Combien de fois, dans nos heures d'ivresse, nous avons regarde ce clocher! Jamais avec autant de bonheur que dans ce moment. Nous sentons que nos coeurs debordent. Nous parlons du passe comme du present; car Zoe compte maintenant des evenements dans sa vie. Sombres tableaux, il est vrai; mais souvent ce sont ceux-la dont un aime le plus a evoquer le souvenir. Les scenes du desert ont ouvert a son intelligence tout un horizon de pensees nouvelles qui provoquent de sa part des questions sans nombre. Nous parlons de l'avenir. Il est tout lumiere, quoique un long et perilleux voyage nous en separe encore. Nous n'y pensons pas. Nous regardons au dela; nous pensons a l'epoque ou je lui enseignerai, ou elle apprendra de moi ce que c'est que le mariage.

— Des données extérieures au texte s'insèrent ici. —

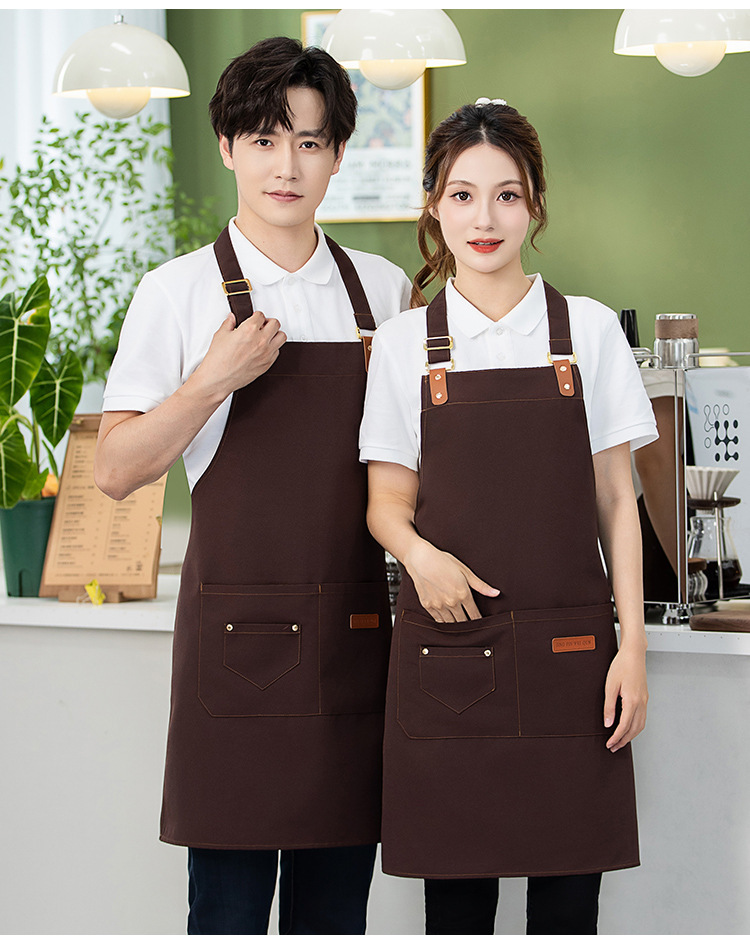 帆布围裙logo印字美甲烘焙咖啡奶茶店理发师防水防污耐穿的工作服详情27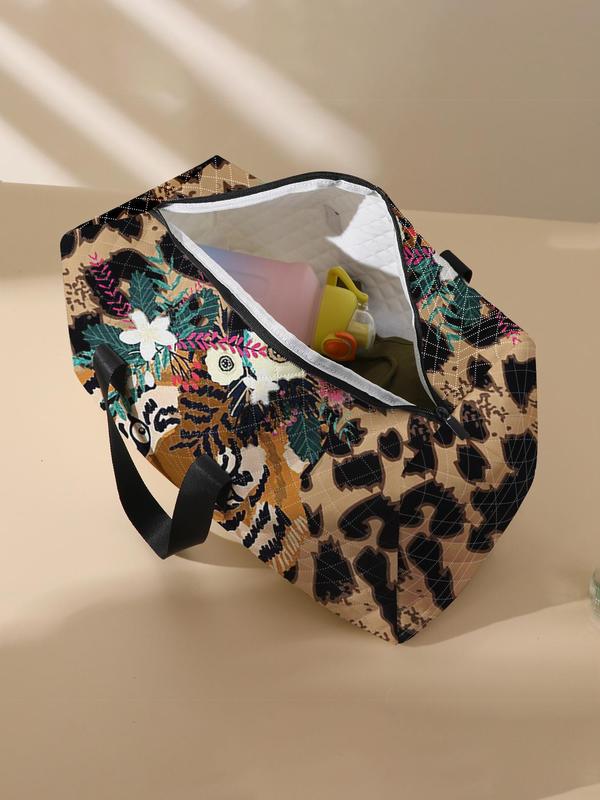 Leopard Tiger Embroidered Quilted Tote Bag, Large Capacity Travel Duffle Bag, Portable Overnight Stylish Travel Bag, Yoga Training Bag, Crossbody Bag with Shoe Storage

Les vibrations d'une mandoline se font entendre. Nous nous retournons. Madame Seguin est assise sur un banc; elle tient l'instrument dans ses mains; elle l'accorde. Jusqu'a ce moment, elle n'y avait pas touche. Il n'y avait pas eu de musique depuis notre retour. C'est a la demande de Seguin que l'instrument a ete apporte, il veut, par la musique, chasser les sombres souvenirs; ou peut-etre espere-t-il adoucir les pensees cruelles qui tourmentent encore son enfant. Madame Seguin se dispose a jouer; nous nous rapprochons pour entendre. Seguin et Saint-Vrain causent a part. Adele est encore assise ou nous l'avons laissee, silencieuse, absorbee.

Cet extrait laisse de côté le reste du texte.